For those of you not in the know (and there’s no shame in that: we’re all here to learn), the Subway Series is a series of Major League Baseball games played between the two New York clubs, the Mets and the Yankees. It is known as interleague play because these are regular season games played between two teams in different leagues (the Mets belonging to the National League and the Yankees belonging to the American League). Games are played at the home fields of either team, which are both accessible by subway.
Fun fact! The first “Subway Series” game was played in 1889 between the New York Giants and the Brooklyn Bridegrooms. The what? They were later known as the Brooklyn Dodgers. Caught up? Good. Moving on… Some may argue that this 19th century game should technically be labeled a “Trolley Series” since the first section of NYC subway system didn’t officially open until 1904. Nevertheless, the 1889 game was the first to pit these two neighboring and heated rivals against one another in what was also the World Championship Series.

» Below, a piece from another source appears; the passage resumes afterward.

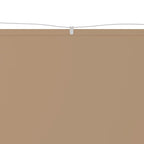 Vidaxl luifel verticaal 60x270 cm oxford stof taupe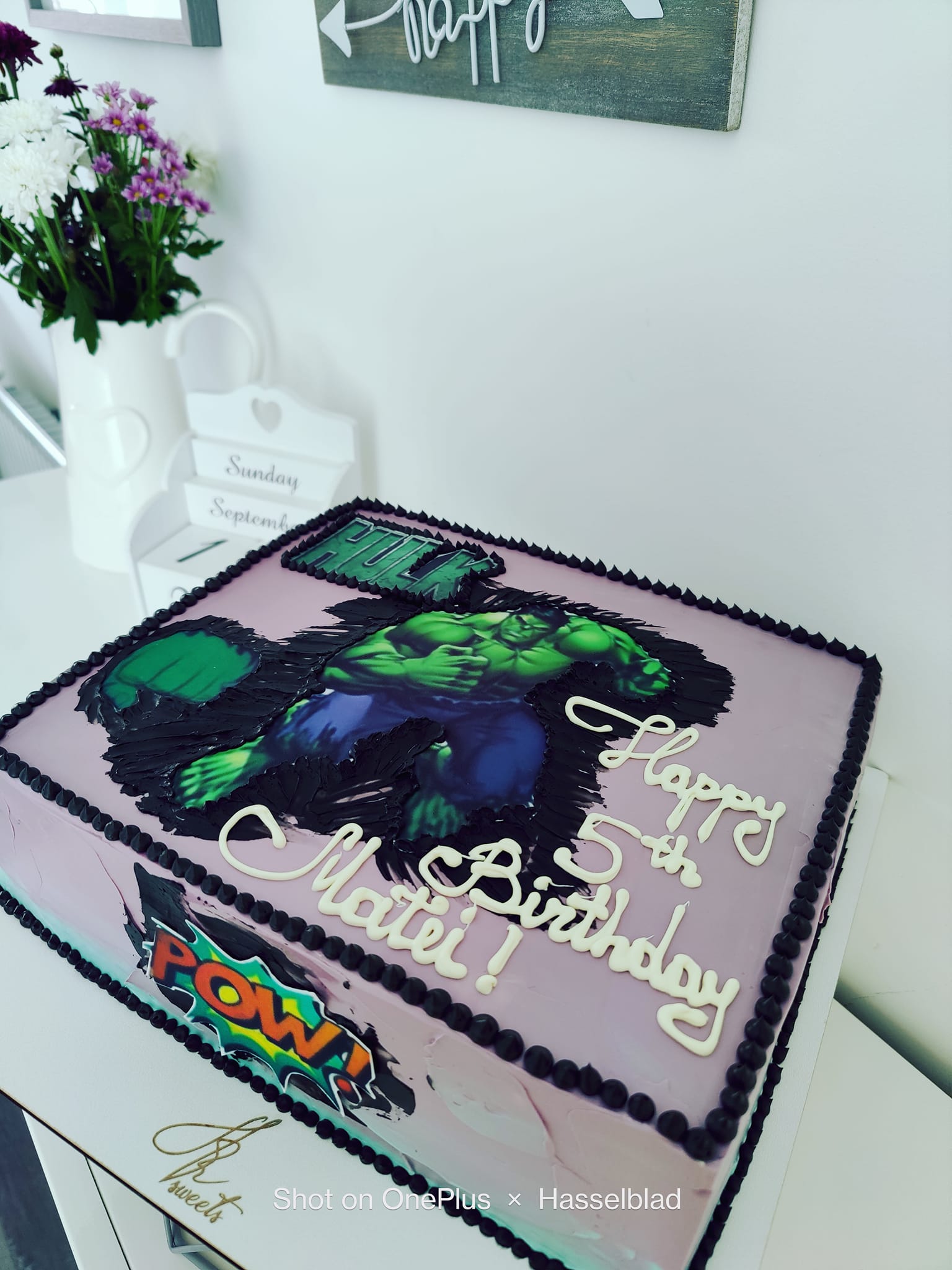 hulk birthday cake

Ok. I’m about to start a fight: I’m a Yankees fan. Cue the booing, multiple expletives, and Goliath references. But I respect the Mets. Seriously. This isn’t pandering. They are a New York club and I wholeheartedly support my town.* And I am a gal who thoroughly enjoy the Subway Series. After all, it’s a chance for Mets and Yankees fans to come together in the spirit of athleticism and indulge in some friendly rivalry. It’s a time to throw verbal jabs, hook one’s personal worth onto their teams wins or losses, and to judge a person solely on which New York team they support. Sure, these games do count towards regular season standings but mostly on the line are bragging rights and individual pride. There’s nothing worse than trash talking your friend’s team over beers one evening, only to have yours suffer a crushing defeat soon after. That means you will have to swallow your pride the next day at work. Or you can do the adult thing and just call in sick. Sure, some argue that the Subway Series has gone the way of overkill, but I think it is still a great New York experience. Unless of course the Yankees falter and embarrass me, in which case: the Subway Series is stupid. So stop talking about it! Who cares?! Jeez!
*Unless, they are playing the Yankees, in which case, they can suck it.